| Description of the task |
Whenever the string "Necklace" turns up in a line of the data below, copy that line.

| Records supplied |
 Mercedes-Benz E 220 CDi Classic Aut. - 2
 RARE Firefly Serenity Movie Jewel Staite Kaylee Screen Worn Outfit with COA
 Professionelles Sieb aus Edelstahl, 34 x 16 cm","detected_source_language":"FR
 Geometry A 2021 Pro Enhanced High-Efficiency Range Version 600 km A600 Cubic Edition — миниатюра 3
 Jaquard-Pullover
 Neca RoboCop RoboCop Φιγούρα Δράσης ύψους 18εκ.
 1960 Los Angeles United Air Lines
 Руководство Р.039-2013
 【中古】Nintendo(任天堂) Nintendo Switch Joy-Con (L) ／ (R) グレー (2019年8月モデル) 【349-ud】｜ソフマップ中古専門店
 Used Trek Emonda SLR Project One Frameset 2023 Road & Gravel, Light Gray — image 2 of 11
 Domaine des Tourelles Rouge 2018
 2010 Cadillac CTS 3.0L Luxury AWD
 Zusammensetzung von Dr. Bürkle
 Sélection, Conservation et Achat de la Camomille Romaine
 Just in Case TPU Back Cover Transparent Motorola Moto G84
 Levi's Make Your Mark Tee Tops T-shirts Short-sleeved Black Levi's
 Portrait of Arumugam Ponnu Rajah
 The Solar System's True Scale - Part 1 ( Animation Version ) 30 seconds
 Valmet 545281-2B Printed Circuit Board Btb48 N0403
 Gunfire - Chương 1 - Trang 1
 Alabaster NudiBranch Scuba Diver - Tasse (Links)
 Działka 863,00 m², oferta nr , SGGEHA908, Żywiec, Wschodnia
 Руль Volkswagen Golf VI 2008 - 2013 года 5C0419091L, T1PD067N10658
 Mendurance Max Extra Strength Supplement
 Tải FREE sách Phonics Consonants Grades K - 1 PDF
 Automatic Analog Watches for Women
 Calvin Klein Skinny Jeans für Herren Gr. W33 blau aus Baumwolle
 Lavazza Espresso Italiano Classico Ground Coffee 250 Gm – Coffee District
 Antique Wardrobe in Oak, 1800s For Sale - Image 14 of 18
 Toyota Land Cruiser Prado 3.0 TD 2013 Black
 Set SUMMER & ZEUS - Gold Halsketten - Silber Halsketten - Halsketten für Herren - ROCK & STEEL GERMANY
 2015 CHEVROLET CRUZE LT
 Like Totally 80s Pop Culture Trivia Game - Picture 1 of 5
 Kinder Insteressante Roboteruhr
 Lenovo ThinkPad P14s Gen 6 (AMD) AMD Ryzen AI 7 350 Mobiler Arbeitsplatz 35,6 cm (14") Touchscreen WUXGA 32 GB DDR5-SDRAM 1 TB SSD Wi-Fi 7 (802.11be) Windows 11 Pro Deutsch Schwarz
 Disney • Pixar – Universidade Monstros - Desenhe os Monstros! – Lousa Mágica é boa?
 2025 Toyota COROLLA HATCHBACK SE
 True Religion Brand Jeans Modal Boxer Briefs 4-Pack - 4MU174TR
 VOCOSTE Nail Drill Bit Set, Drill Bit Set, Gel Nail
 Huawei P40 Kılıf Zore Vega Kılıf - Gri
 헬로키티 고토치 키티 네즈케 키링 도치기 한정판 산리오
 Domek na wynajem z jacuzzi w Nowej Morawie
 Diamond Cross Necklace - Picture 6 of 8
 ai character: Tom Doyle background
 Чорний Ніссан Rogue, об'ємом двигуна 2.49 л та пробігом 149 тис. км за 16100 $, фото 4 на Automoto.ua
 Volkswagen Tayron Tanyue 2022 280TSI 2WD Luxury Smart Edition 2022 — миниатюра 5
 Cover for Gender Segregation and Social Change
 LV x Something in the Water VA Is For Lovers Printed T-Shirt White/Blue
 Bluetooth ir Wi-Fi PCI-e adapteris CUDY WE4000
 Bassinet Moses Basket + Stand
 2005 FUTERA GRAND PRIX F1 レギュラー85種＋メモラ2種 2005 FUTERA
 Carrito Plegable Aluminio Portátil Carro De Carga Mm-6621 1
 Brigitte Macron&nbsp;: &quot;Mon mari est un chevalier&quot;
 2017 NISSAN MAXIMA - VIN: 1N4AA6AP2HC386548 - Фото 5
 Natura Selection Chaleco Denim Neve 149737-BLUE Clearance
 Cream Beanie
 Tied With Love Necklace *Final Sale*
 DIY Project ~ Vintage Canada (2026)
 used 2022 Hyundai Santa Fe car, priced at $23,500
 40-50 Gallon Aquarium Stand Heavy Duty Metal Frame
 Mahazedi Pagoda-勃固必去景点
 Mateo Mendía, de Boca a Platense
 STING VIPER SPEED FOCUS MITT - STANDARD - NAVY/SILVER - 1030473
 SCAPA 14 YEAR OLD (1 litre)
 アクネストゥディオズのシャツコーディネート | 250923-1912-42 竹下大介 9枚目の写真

| Result of this exercise |
 Diamond Cross Necklace - Picture 6 of 8
 Tied With Love Necklace *Final Sale*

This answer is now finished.